Source: "Tales of Borneo" by Benedict S. Chong, Penerbit Sanmin Sdn Bhd, Malaysia, 1993












Thursday, November 5, 2009

DECISION MAKING BASED ON "RIGHTS AND RISKS' APPROACH






The World Commission on Dams proposes a new approach to decision-making based on recognising the rights of, and assessing the risks to, all stakeholders. This means that all stakeholders whose rights might be affected, and all stakeholders who have risks imposed upon them involuntarily, should be included in decision-making on development. The WCD believes that this approach "offers an effective way to determine who has a legitimate place at the negotiation table and what issues need to be included on the agenda." The WCD developed seven strategic priorities for this new approach to development:


1. Gaining public acceptance  


The WCD says that no dam should be built without the "demonstrable acceptance" of the affected people, and without the free, prior and informed consent of affected indigenous and tribal peoples. This should be achieved through negotiated agreements that are legally binding.


2. Comprehensive options assessment


Before deciding whether to build a dam, there should be a transparent and participatory assessment of needs for water, food and energy. All options for meeting these needs should be considered. First priority should be given to making existing water, irrigation and energy systems more effective and sustainable. Social and

environmental concerns should be given the same weight as technical and economic concerns during the options assessment process and throughout the project planning, construction and operation phases.

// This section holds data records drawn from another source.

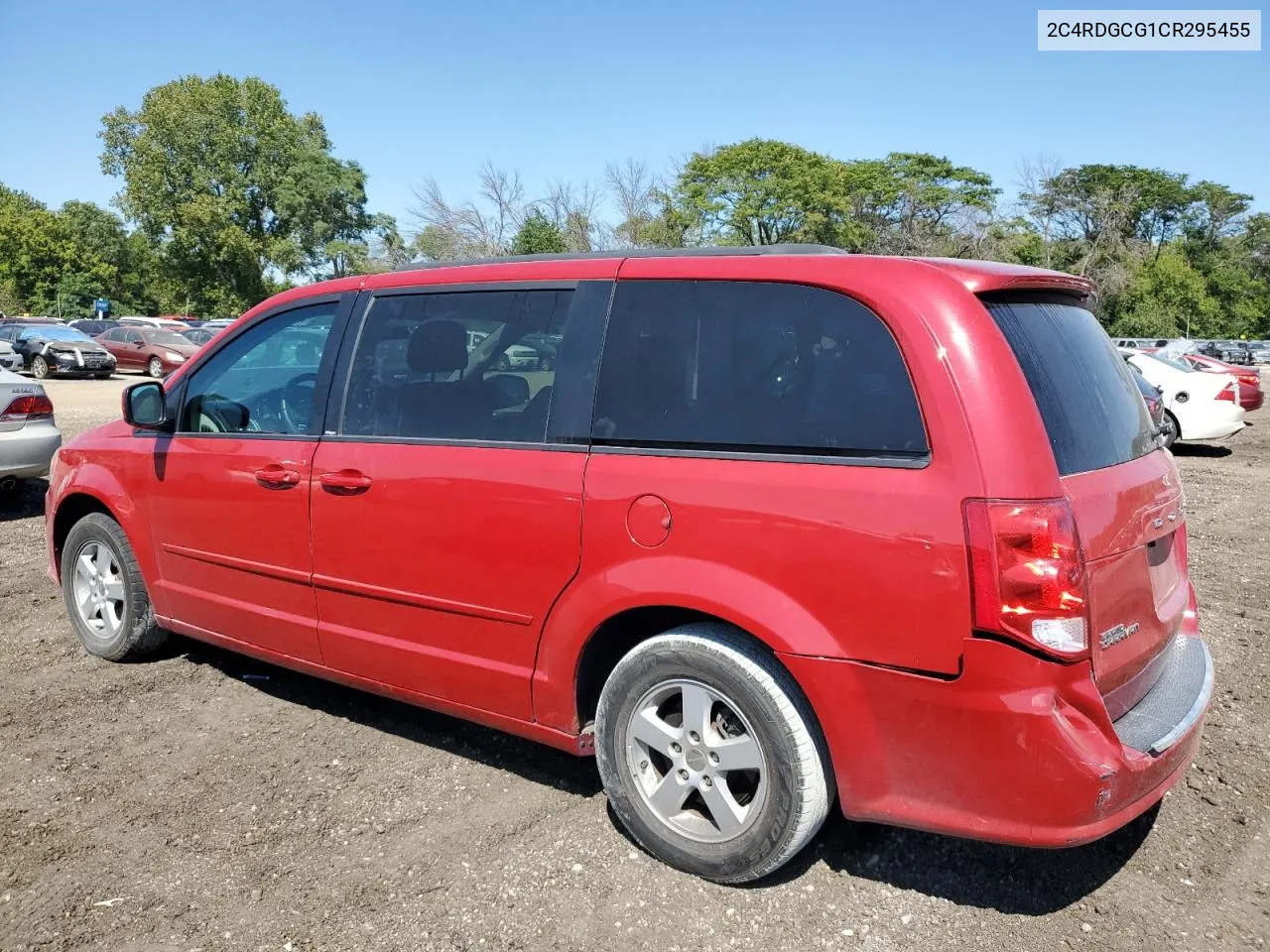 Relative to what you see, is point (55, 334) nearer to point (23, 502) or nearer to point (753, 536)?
point (23, 502)

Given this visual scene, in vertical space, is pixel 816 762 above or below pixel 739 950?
above

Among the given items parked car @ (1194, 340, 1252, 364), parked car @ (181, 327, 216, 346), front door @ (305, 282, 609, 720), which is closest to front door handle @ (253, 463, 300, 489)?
front door @ (305, 282, 609, 720)

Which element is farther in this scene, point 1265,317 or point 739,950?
point 1265,317

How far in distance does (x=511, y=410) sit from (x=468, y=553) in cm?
49

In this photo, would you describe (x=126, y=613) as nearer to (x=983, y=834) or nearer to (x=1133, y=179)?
(x=983, y=834)

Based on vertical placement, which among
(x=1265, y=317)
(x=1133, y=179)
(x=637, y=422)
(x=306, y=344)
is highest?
(x=1133, y=179)

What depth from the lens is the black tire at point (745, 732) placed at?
2.65m

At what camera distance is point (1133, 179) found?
73.2 meters

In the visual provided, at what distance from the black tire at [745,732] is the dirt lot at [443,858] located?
0.40 ft

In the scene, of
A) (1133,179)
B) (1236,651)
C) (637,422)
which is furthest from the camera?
Answer: (1133,179)

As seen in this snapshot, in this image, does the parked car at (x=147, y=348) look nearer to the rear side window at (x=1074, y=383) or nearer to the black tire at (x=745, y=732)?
the black tire at (x=745, y=732)

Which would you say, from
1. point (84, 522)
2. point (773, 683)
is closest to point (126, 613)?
point (84, 522)

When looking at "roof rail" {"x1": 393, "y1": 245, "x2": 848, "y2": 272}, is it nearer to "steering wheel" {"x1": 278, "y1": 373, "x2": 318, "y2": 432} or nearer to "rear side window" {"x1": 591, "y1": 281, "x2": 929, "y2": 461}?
"rear side window" {"x1": 591, "y1": 281, "x2": 929, "y2": 461}

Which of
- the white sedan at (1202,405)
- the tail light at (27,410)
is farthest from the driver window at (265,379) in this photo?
the white sedan at (1202,405) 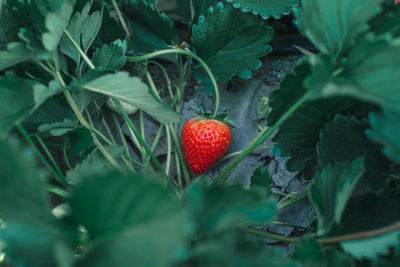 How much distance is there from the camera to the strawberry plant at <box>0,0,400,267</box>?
0.27 m

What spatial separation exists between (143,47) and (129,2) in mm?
83

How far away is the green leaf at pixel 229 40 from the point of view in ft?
2.13

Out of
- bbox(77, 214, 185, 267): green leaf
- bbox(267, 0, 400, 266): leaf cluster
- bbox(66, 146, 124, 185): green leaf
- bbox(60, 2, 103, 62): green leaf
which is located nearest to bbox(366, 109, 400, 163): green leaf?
bbox(267, 0, 400, 266): leaf cluster

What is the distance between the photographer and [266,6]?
0.65 metres

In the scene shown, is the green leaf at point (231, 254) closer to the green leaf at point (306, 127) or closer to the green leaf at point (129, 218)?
the green leaf at point (129, 218)

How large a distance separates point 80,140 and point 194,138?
0.21 m

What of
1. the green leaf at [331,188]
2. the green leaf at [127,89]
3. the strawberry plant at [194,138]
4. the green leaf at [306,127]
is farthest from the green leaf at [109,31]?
the green leaf at [331,188]

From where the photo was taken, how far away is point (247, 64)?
0.69 meters

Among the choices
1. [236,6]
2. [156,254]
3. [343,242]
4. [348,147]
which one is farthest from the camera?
[236,6]

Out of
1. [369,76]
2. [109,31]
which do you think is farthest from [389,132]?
[109,31]

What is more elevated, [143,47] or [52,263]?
[143,47]

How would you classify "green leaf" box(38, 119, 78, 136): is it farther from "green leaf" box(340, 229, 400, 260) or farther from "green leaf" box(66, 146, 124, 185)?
"green leaf" box(340, 229, 400, 260)

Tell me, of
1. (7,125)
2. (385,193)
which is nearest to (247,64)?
(385,193)

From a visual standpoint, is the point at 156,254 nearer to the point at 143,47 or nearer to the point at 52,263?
the point at 52,263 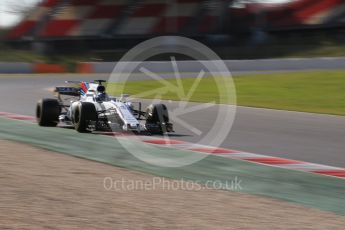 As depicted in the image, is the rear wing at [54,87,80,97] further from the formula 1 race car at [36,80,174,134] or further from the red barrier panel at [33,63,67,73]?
the red barrier panel at [33,63,67,73]

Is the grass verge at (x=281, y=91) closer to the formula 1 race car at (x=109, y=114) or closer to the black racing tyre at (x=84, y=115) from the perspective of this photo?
the formula 1 race car at (x=109, y=114)

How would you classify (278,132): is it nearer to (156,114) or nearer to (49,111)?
(156,114)

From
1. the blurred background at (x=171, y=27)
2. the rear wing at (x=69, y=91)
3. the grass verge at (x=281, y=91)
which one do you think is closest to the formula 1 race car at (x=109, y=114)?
the rear wing at (x=69, y=91)

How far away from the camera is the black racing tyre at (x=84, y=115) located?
11.0 metres

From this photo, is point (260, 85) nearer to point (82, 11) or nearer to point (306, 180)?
point (306, 180)

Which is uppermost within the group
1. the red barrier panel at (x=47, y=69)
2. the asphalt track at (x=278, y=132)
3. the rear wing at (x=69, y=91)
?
the red barrier panel at (x=47, y=69)

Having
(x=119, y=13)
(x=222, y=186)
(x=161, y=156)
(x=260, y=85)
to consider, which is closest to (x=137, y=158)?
(x=161, y=156)

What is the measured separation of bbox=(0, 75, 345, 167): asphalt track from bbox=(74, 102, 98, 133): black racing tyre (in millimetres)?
1405

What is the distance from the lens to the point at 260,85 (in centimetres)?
2491

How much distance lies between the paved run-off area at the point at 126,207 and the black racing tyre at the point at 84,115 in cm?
337

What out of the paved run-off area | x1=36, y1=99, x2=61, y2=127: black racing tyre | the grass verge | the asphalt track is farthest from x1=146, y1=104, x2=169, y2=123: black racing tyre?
the grass verge

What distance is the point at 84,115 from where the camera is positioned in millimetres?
11070

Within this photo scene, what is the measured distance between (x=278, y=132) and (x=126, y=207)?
22.3 feet

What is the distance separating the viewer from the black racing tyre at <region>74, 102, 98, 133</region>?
1095 centimetres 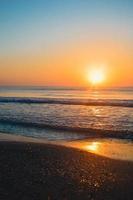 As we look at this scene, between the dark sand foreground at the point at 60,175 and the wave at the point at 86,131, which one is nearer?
the dark sand foreground at the point at 60,175

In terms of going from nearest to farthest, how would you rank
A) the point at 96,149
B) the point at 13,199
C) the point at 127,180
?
the point at 13,199, the point at 127,180, the point at 96,149

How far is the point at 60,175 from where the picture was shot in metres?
8.67

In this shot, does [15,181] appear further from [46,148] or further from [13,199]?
[46,148]

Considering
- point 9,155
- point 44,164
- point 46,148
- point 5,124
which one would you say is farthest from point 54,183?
point 5,124

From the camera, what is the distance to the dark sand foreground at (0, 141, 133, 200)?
24.3 feet

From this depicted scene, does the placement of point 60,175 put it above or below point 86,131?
above

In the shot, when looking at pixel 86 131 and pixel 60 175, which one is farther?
pixel 86 131

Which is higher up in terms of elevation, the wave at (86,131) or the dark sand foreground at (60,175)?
the dark sand foreground at (60,175)

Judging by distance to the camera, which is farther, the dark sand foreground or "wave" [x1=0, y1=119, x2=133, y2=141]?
"wave" [x1=0, y1=119, x2=133, y2=141]

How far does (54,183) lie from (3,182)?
4.34 ft

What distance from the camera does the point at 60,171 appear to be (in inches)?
358

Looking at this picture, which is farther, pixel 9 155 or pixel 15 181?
pixel 9 155

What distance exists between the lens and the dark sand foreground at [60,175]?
7414 mm

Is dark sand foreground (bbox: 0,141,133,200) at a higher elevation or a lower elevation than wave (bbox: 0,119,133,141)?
higher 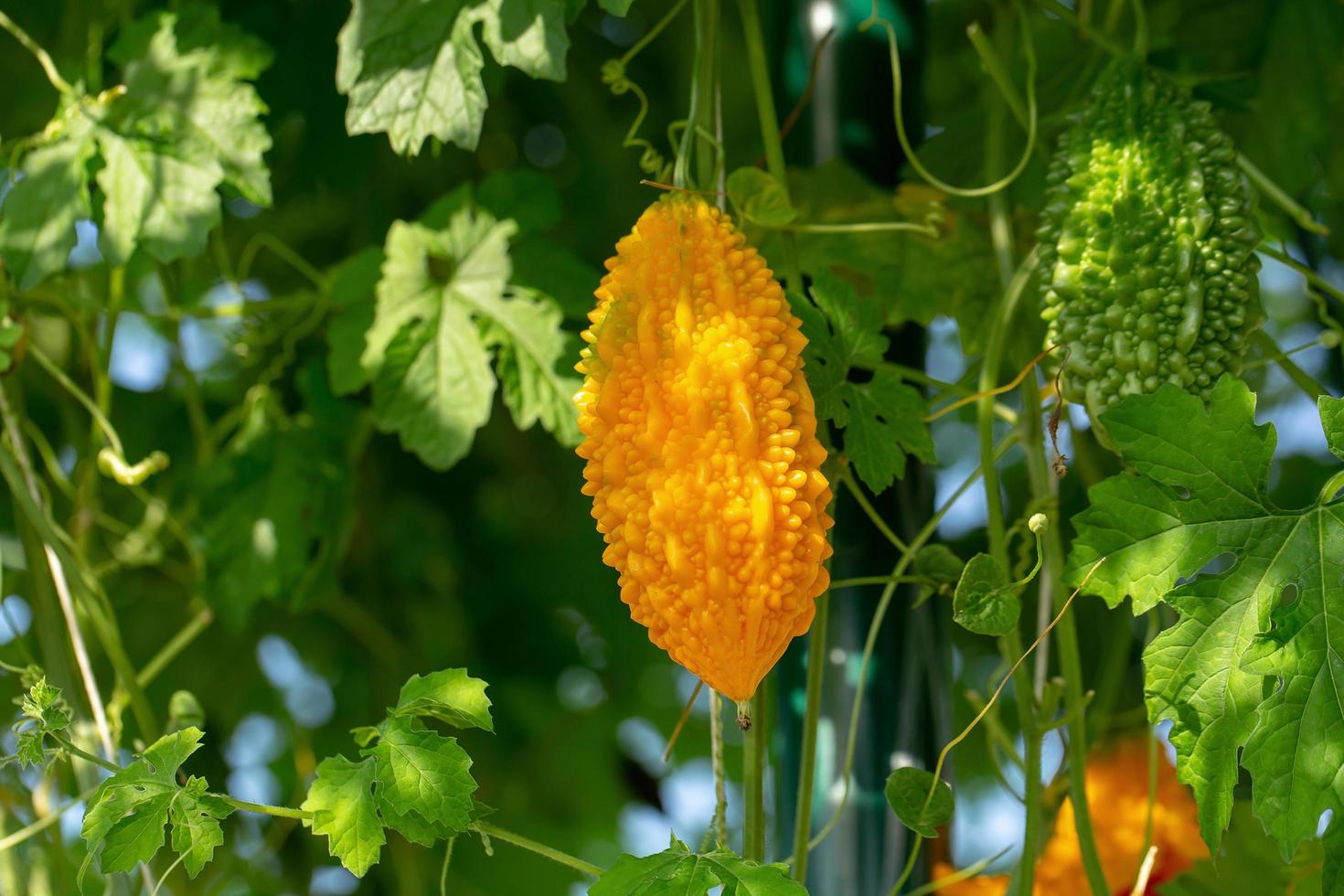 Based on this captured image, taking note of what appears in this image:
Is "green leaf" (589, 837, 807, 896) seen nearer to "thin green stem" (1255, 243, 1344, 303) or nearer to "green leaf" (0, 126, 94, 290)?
"thin green stem" (1255, 243, 1344, 303)

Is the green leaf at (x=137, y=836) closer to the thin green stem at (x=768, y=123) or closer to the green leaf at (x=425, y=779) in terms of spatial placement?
the green leaf at (x=425, y=779)

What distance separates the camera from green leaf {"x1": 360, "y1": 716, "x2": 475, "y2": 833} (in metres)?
0.82

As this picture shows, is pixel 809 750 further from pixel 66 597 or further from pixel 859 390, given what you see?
pixel 66 597

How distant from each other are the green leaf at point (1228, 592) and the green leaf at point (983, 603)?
51mm

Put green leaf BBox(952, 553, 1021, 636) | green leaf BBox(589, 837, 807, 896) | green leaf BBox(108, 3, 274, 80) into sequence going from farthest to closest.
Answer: green leaf BBox(108, 3, 274, 80) → green leaf BBox(952, 553, 1021, 636) → green leaf BBox(589, 837, 807, 896)

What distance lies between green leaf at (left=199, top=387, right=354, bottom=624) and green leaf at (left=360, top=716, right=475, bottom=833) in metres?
0.55

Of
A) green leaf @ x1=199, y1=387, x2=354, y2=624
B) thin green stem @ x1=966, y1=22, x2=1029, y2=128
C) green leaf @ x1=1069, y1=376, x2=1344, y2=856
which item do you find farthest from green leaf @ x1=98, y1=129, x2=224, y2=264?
green leaf @ x1=1069, y1=376, x2=1344, y2=856

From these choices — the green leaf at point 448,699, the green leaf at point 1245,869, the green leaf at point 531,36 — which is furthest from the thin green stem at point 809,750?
the green leaf at point 531,36

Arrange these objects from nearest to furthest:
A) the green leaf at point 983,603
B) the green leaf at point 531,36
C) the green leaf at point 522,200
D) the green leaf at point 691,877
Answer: the green leaf at point 691,877 → the green leaf at point 983,603 → the green leaf at point 531,36 → the green leaf at point 522,200

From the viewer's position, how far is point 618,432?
83cm

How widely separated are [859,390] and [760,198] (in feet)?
0.52

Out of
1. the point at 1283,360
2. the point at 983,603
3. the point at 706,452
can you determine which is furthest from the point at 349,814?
the point at 1283,360

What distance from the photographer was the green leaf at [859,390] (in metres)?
0.93

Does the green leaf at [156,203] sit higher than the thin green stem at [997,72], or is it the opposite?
the thin green stem at [997,72] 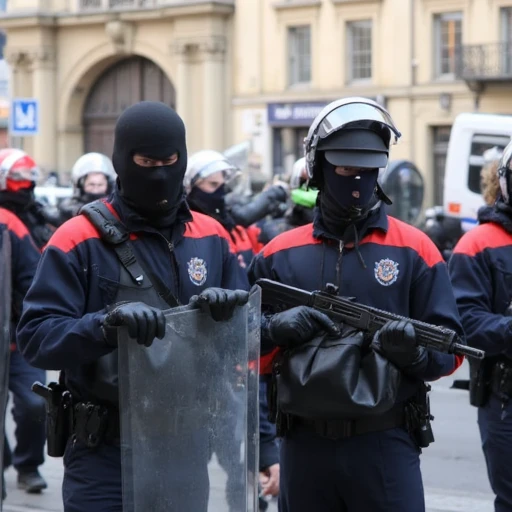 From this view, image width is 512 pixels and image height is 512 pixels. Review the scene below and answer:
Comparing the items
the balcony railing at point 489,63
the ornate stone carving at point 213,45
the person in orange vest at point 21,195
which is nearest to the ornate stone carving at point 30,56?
the ornate stone carving at point 213,45

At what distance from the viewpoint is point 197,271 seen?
4141 mm

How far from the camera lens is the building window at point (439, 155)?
34.0 meters

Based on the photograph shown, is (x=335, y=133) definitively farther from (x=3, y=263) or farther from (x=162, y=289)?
(x=3, y=263)

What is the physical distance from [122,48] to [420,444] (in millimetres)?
37811

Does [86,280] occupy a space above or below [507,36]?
below

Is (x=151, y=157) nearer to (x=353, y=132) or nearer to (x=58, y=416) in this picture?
(x=353, y=132)

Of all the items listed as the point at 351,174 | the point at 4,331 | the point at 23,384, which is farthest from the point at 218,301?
the point at 23,384

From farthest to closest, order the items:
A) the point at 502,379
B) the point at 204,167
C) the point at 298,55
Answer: the point at 298,55 < the point at 204,167 < the point at 502,379

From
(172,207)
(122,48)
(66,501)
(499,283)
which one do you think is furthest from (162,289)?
(122,48)

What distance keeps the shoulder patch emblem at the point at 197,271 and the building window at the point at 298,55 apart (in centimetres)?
3328

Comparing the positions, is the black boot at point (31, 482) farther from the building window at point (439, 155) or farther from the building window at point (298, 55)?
the building window at point (298, 55)

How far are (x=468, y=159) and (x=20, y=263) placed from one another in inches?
472

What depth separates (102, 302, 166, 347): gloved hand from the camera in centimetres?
354

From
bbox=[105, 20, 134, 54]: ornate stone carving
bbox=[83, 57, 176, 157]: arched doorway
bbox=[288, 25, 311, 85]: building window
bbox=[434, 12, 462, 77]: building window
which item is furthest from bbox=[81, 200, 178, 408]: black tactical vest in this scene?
bbox=[105, 20, 134, 54]: ornate stone carving
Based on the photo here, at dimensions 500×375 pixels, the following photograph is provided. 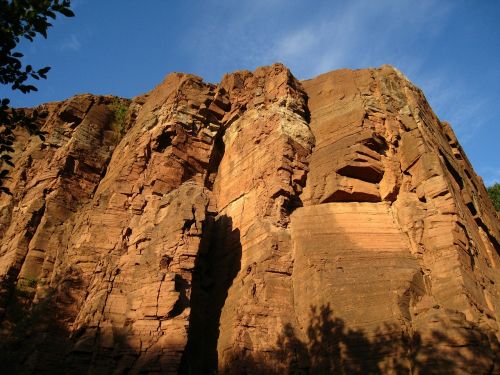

3. Addressing existing dams


Opportunities should be taken to rehabilitate and upgrade existing dams to maximise benefits. Reparations, or retroactive compensation, should be made to communities impacted by existing dams. dam operations should be modified to mitigate environmental impacts. All dams should have time-bound licence periods. Relicensing processes should provide opportunities for participatory reviews of project performance and impacts which may lead to changes in project operation, or dam decommissioning.



4. Sustaining rivers and livelihoods

Options assessment and decision-making around river development should try to avoid impacts, followed by the minimisation and mitigation of harm to the river system. Before making a decision to build a dam, good baseline information and scientific knowledge of ecosystems, social and health issues should be gathered and analysed, taking into account the cumulative impacts of dams and other development projects on ecosystems. Dams should release "environmental flows" to help maintain ecosystems and livelihoods.

5. Recognising entitlements and sharing benefits 



Adversely affected people should be the first to benefit from a project. this includes those displaced, those living upstream and downstream of the dam, those living around the reservoir, and those whose lands are impacted by resettlement sites. they should participate in identification, selection, distribution and delivery of benefits. Negotiations with affected people should result in mutually agreed and legally enforceable mitigation and development provisions.


6. Ensuring compliance


Financial institutions and project promoters must adopt a clear set of criteria and guidelines for developing water and energy resources. Before a project begins, a plan for complying with all project-related obligations must be developed including both incentives and sanctions. Steps should be taken to end corrupt practices.


7. Sharing rivers for peace, development and security


Measures should be developed for countries to resolve disputes and cooperate over issues concerning transboundary rivers. States should have the ability to stop projects on shared rivers using independent panels and other forms of dispute resolution. WCD principles should be incorporate into national water policies to help resolve disputes and promote cooperation over shared river basins.